The Girl Who Saved the King of Sweden by Rachel Willson-Broyles
Synopsis
Jonas Jonasson's picaresque tale of how one person's actions can have far-reaching—even global—consequences, written with the same light-hearted satirical voice as his bestselling debut novel, The 100-Year-Old Man Who Climbed Out the Window and Disappeared.
On June 14th, 2007, the King and Prime Minister of Sweden went missing from a gala banquet at the Royal Castle. Later it was said that both had fallen ill: the truth is different. The real story starts much earlier, in 1961, with the birth of Nombeko Mayeki in a shack in Soweto. Nombeko was fated to grow up fast and die early in her poverty-stricken township. But Nombeko takes a different path. She finds work as a housecleaner and eventually makes her way up to the position of chief advisor, at the helm of one of the world's most secret projects.

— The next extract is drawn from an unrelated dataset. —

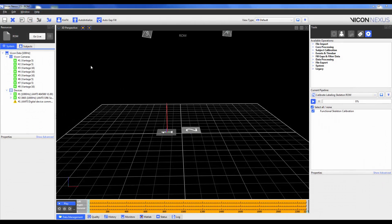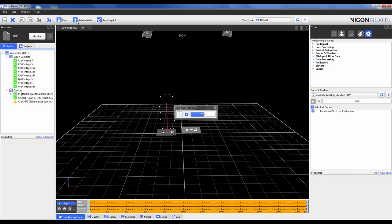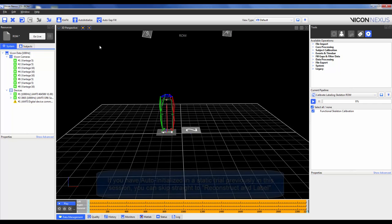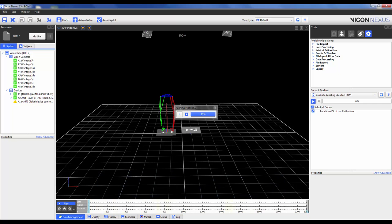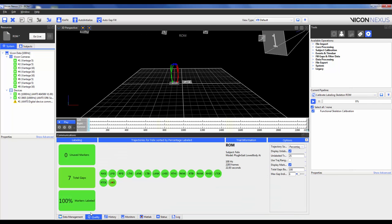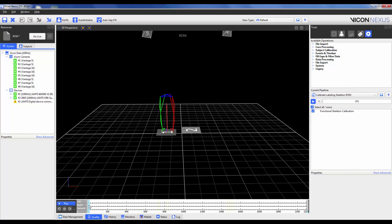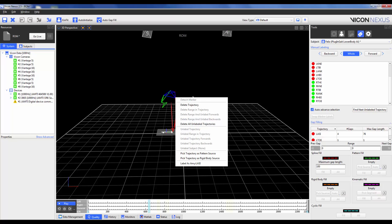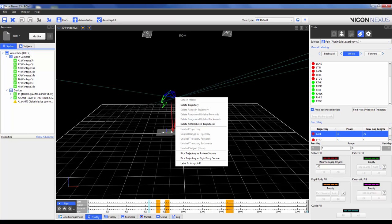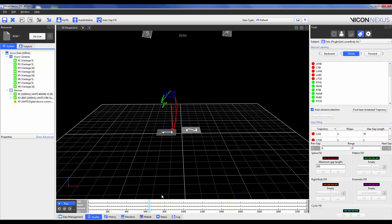To process the ROM trial, go ahead and open it and replicate the steps for the static trial, that is to reconstruct and then auto-initialize. We're going to add in an extra step here which is to then reconstruct and label. We can then quickly go into the quality tab and look to see if any of our markers are labeled. If they were, we can go ahead and scrub through the trial and apply the labels within either label edit or right-clicking on the marker and then going to the bottom of the list and seeing which marker was not labeled.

Here is where the story merges with, then diverges from reality. South Africa developed six nuclear missiles in the 1980s, then voluntarily dismantled them in 1994. This is a story about the seventh missile . . . the one that was never supposed to have existed. Nombeko Mayeki knows too much about it, and now she's on the run from both the South African justice and the most terrifying secret service in the world. She ends up in Sweden, which has transformed into a nuclear nation, and the fate of the world now lies in Nombeko's hands.